This Site:en.yinlu.net Source:en.yinlu.net Writer: Time:2007-09-14
 

 

The Directional Movement Indicator [DMI] and Average Directional Index [ADX] are technical tools developed by Welles Wilder Jr. and described in his 1978 classic, New Concepts in Technical Trading Systems. In order to apply these unique tools, some background information is required. This article uses weekly charts and looks at Average True Range and two components of Directional Movement as an introduction to the ADX.


Average True Range

The Average True Range [ATR] uses a True Range [TR] value to identify a better price range vale for a specific period. The TR uses the previous week’s close to calculate three different range values and as a result, weekend gaps (up or down) are incorporated into the price ranges. The highest absolute value for the three calculations is used as the True Range for the week. Figure 1 provides the three weekly range calculations and bar chart examples of each one as the greatest TR for the period.

 

 

Figure 1: Weekly True Range Calculations and Display
(click here for larger view) 

The ATR uses each period’s TR value to obtain an average that represents a common range for the period. Welles Wilder, the developer of the indicator often used a value that approximated a 27-period exponential moving average to smooth the data. A strong move in the ATR incorporates price gaps and provides traders with important information about price volatility that can be missed by other smoothed indicators.

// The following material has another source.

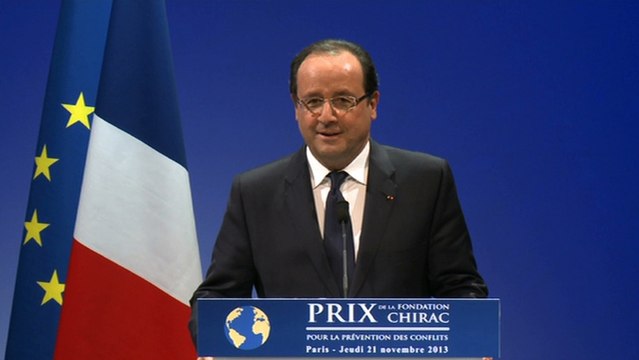 Cérémonie de remise du Prix de la Fondation Chirac pour la prévention des conflits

The ATR uses historical price information plus a smoothing process to construct a line, so it’s a lagging indicator. Although price volatility cannot be predicted using this line, it provides an objective view of volatility. A sharp move in the ATR will likely be accompanied by an increase in the implied volatility [IV] component of the option’s premium.

Figure 2 provides a weekly chart for QQQQ, the Nasdaq 100 exchange traded fund [ETF], along with a 10-week and 40-week exponential moving average [EMA] and a 14-week ATR. The two-month consolidation in QQQQ ending in early July 2007 is accompanied by a dip in the ATR. Since that time, price volatility in the ETF is at levels not seen since early 2003. If you’ve been trading these markets, you probably didn’t need the ATR to tell you volatility has gone up, but comparing the relative values does put the current volatility into perspective.

 

 

Figure 2: Weekly Chart of QQQQ with EMA and Average True Range

Flat movement in the ATR often accompanies consolidation phases, while strong moves suggest a potential change in direction. It remains to be seen whether the recent ATR rise accompanying higher QQQQ prices confirms a return to the long-term uptrend in the ETF. It’s important to note that the ATR is note a directional tool, a rising ATR line does not suggest rising prices, just increased volatility.

Major tops and bottoms are often associated with strong moves in the ATR. Since volatility won’t increase indefinitely, the ATR is expected to decline after a sharp move and return to a relatively normal range. The trader should use other technical tools to ascertain whether a new trend has been initiated given a sharp rise in ATR or if the action was a temporary change in conditions.

Directional Movement Indicator

The Directional Movement Indicator [DMI] is created using two other oscillators: upward directional movement (+DI) and downward directional movement [-DI]. The +DI and -DI lines can be used separately to generate trade signals or as part of the DMI calculation.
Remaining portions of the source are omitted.